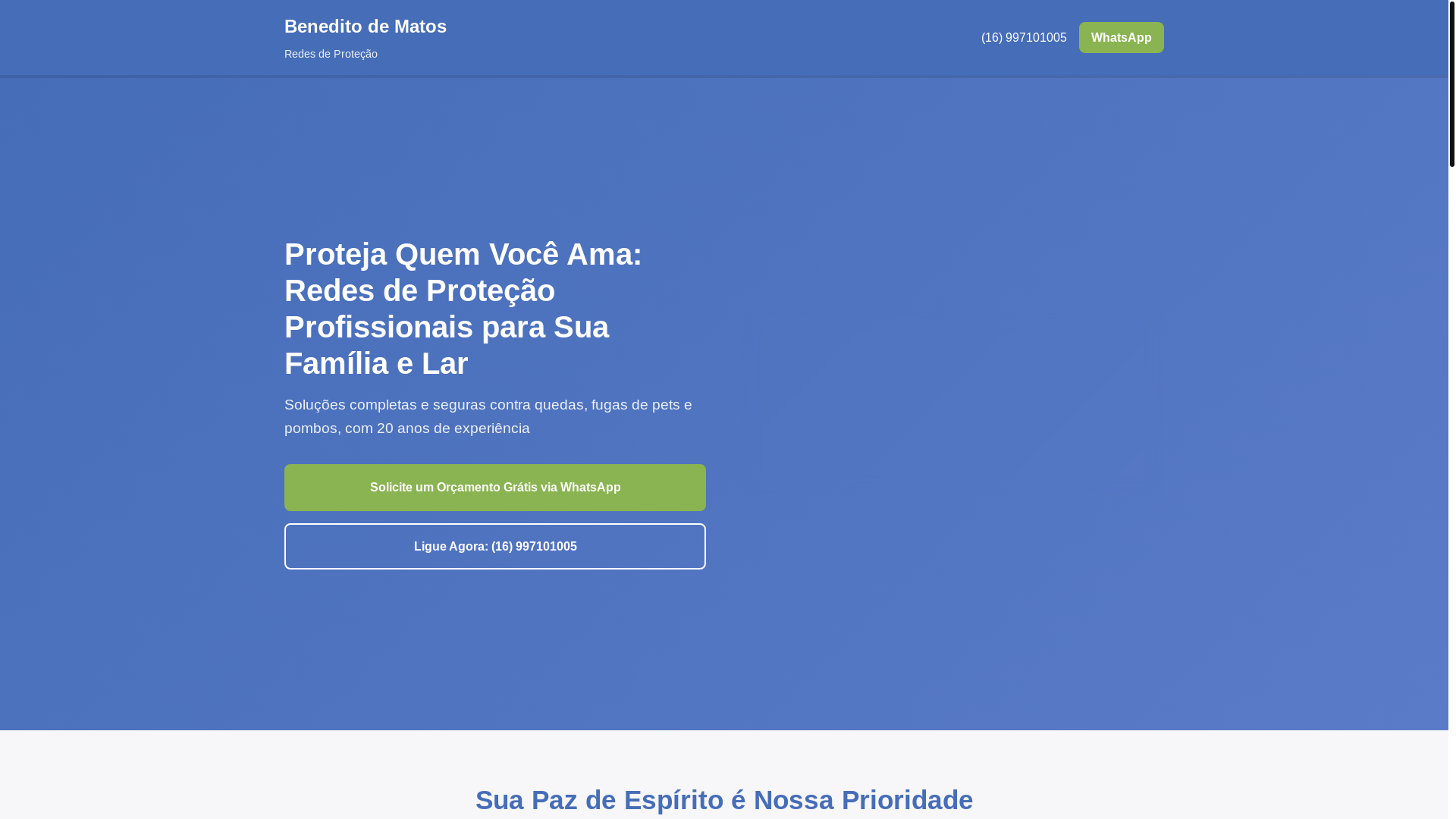 website screenshot of https://redesdeprotecao.shop/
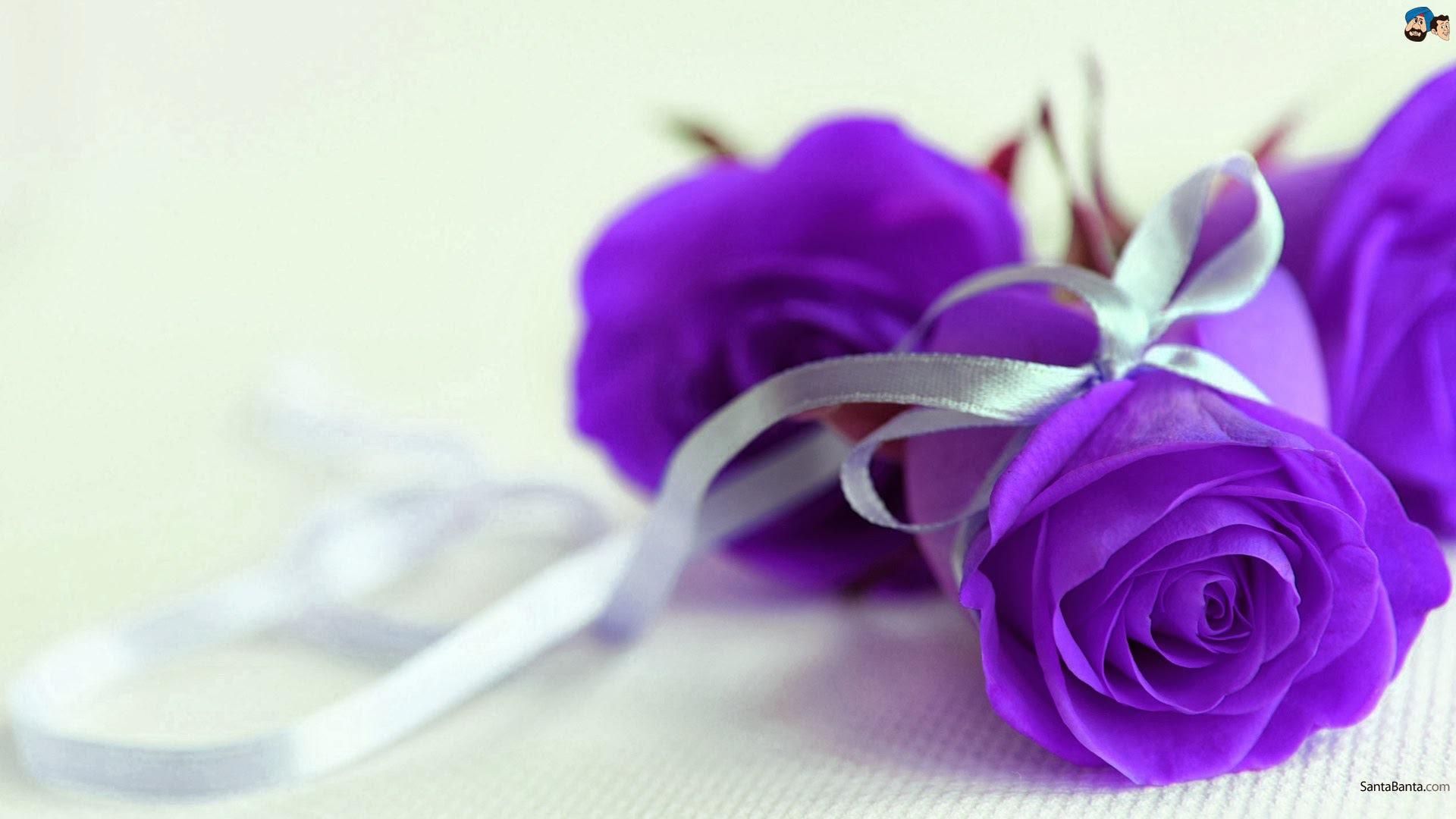 1920x1080 Purple Rose Wallpaper For Desktop (1920x1080)
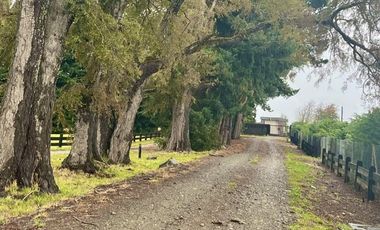 PARCELA URBANIZADA 5000 mt2 A 15 MINUTOS DE OSORNO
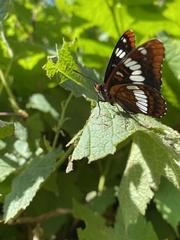 Limenitidini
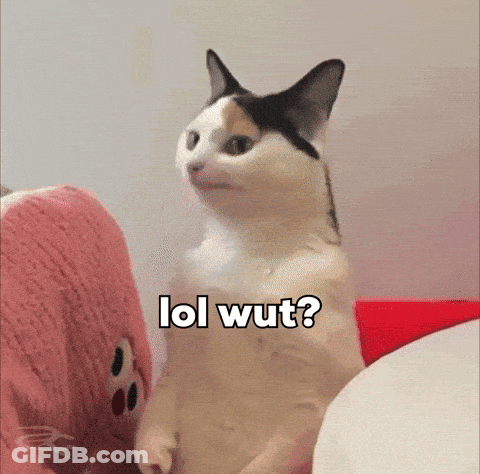 Cat Sitting Next To Stuffed Animal Saying LOL Wut GIF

☆ ☆ ☆ ☆ ☆

§ WHAT THE EXERCISE ASKS:
For this task, give the full listing again verbatim and keep out every picture.

§ ANSWER SPACE:
 website screenshot of https://redesdeprotecao.shop/
 1920x1080 Purple Rose Wallpaper For Desktop (1920x1080)
 PARCELA URBANIZADA 5000 mt2 A 15 MINUTOS DE OSORNO
 Limenitidini
 Cat Sitting Next To Stuffed Animal Saying LOL Wut GIF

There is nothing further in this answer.